Exercise directions. Transcribe everything in the listing as written, and let no image into the copy.

___ Dataset extract ___

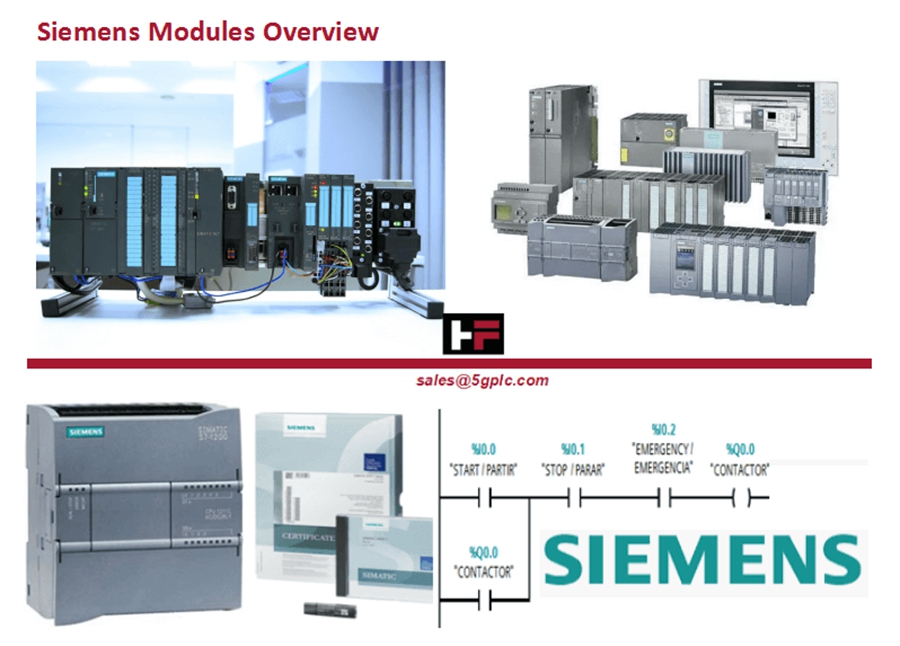 Siemens 6ES7431-7KF10-0AB0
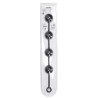 Levelz Boules Roundass XXL 50 x 6cm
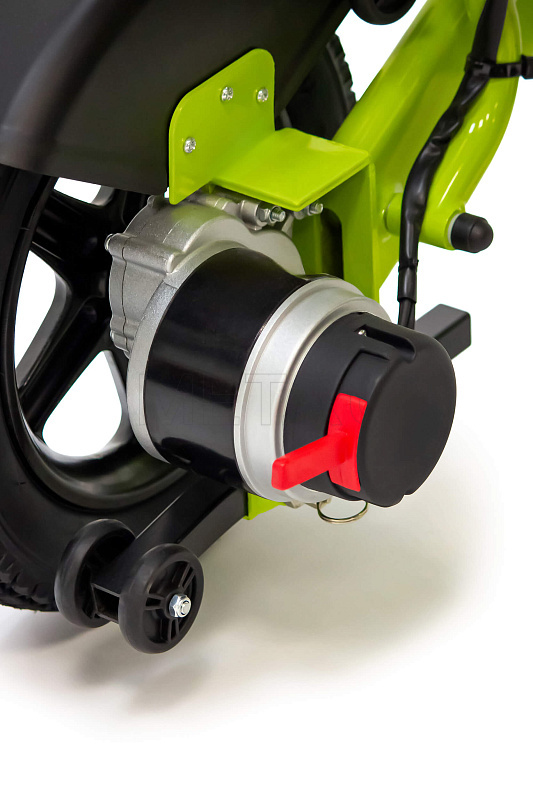 MET COMPACT 35 Кресло-коляска складная с электроприводом от производителя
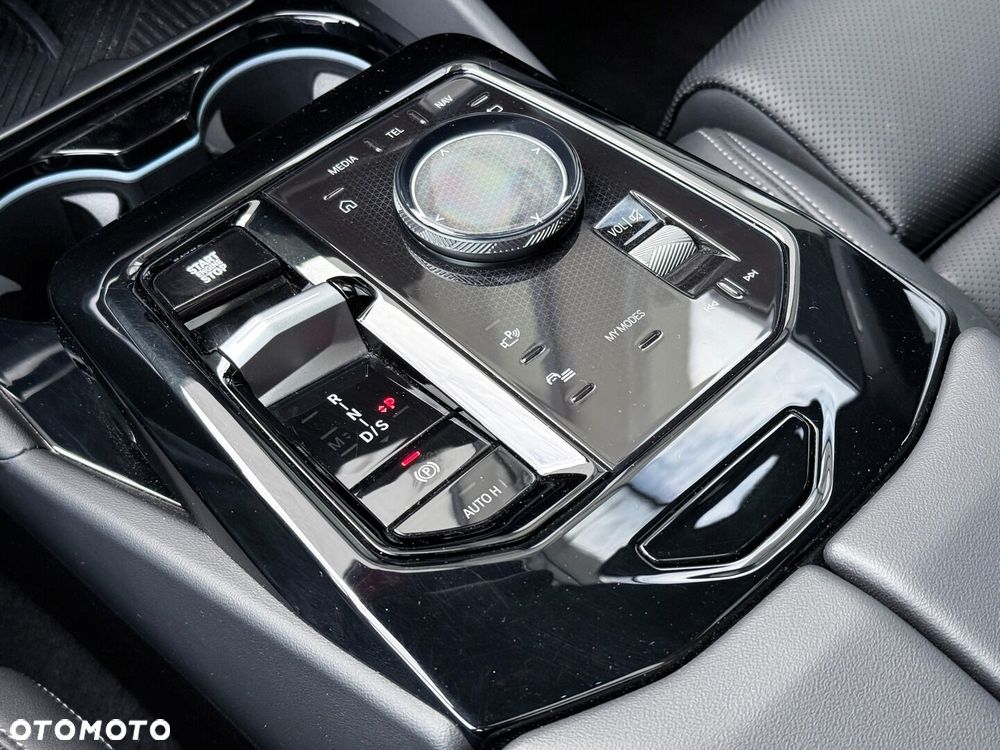 BMW Seria 5 - 22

___

Solution below.
 Siemens 6ES7431-7KF10-0AB0
 Levelz Boules Roundass XXL 50 x 6cm
 MET COMPACT 35 Кресло-коляска складная с электроприводом от производителя
 BMW Seria 5 - 22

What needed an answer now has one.